Het nauwste aan den mensch verwant wat intellectueele eigenschappen aangaat, zijn zeker wel de Apen en daaronder vooral de apen der oude wereld, n.1. de Orang-oetan, de Chimpansee en de Gorilla. Oppervlakkig beschouwd hebben zij wel eenige uiterlijke overeenkomst met den mensch, al is daarbij nog een enorm groot verschil op te merken.
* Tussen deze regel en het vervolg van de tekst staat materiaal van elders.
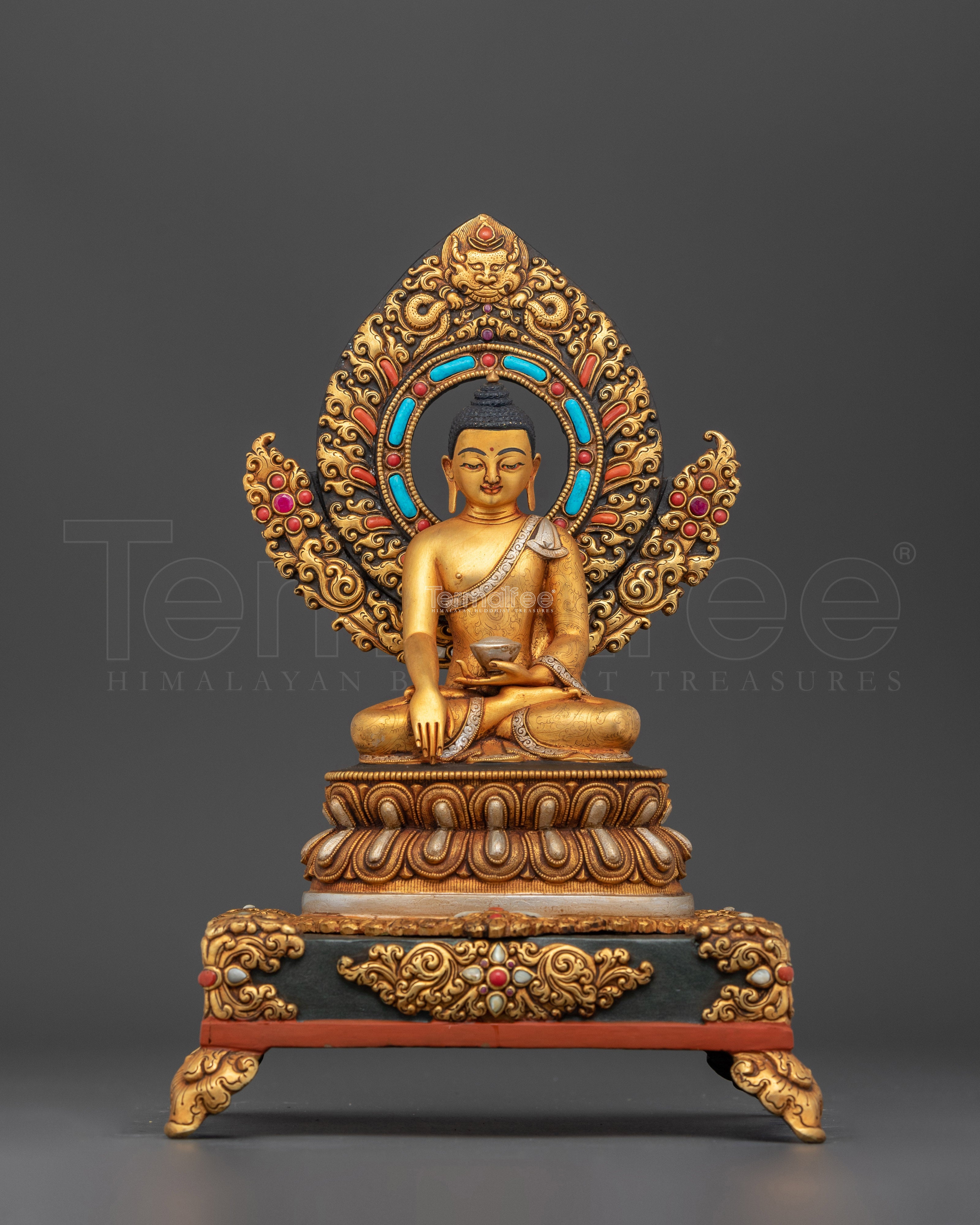 Light of Asia Shakyamuni Buddha | Spiritual Buddhist Artifact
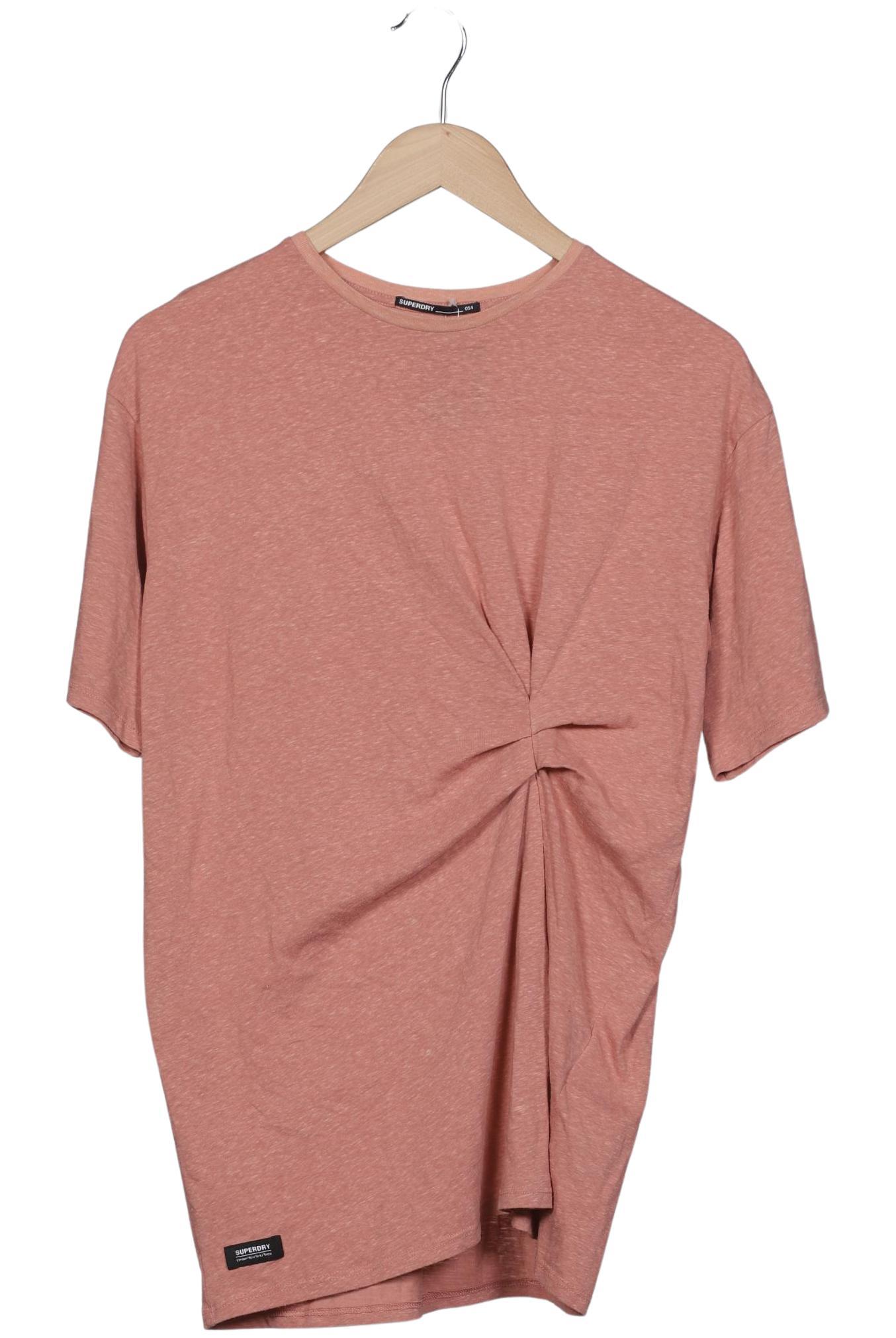 

Superdry Damen T-Shirt, pink, Gr. 36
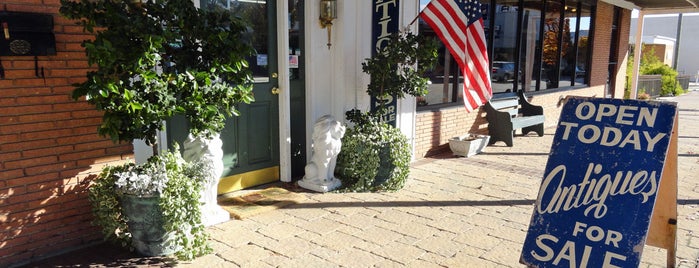 Bostic & Wilson antiques is one of A Local's Guide ~ Fuquay-Varina DOWNTOWN, NC.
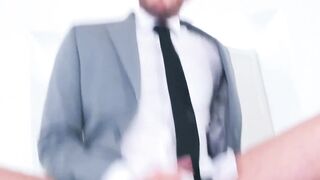 Horned Up Hottie Franks Fucks His Colleagues Ass Off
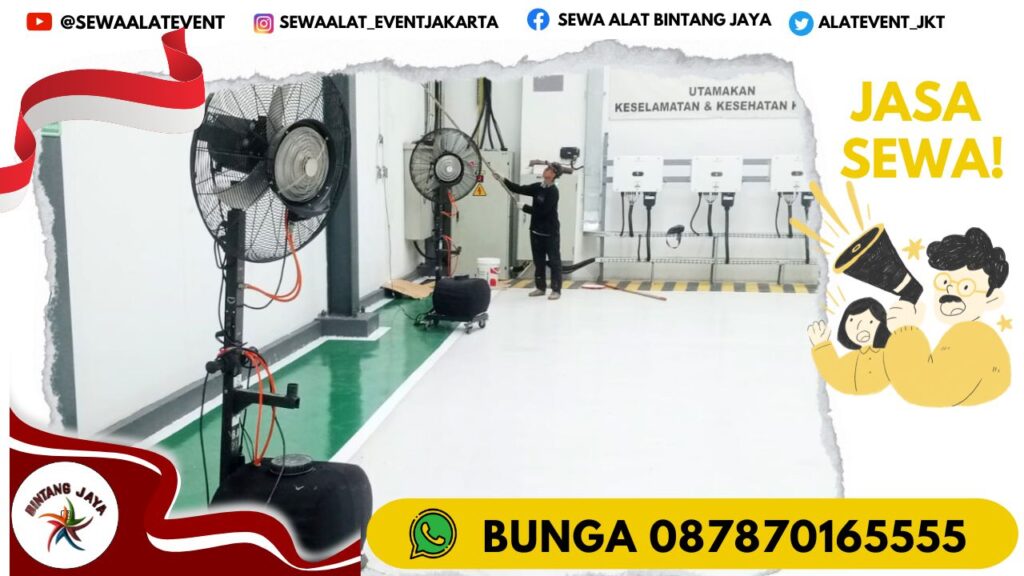 SEWA MISTYFAN PRODUK BARU HARGA SEWA TERJANGKAU SIAP KIRIM JAKSEL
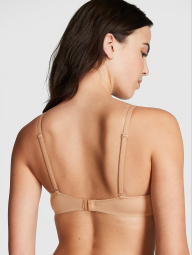 Бюстгальтер Super Push-Up Victoria's Secret Pink 1159831214 (Бежевый 34C)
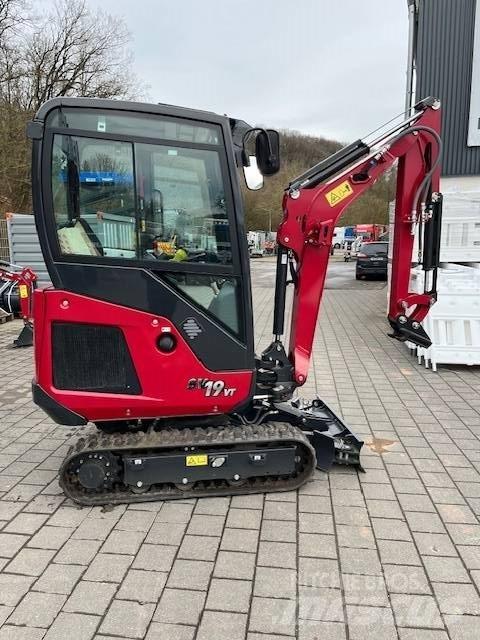 Yanmar SV 19 VT Mini kotrók < 7t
De voornaamste waarnemingen omtrent deze dieren zijn natuurlijk gedaan aan exemplaren, die gevangen waren.

Zeer merkwaardig zijn wel de waarnemingen van H. A. A. Niclou omtrent een orang-oetan, die hij een paar jaren verpleegde en waarvan hij indertijd een en ander mededeelde in het Album der Natuur. Wij vinden deze mededeelingen zoo merkwaardig, dat wij ze in het volgende verkort teruggeven.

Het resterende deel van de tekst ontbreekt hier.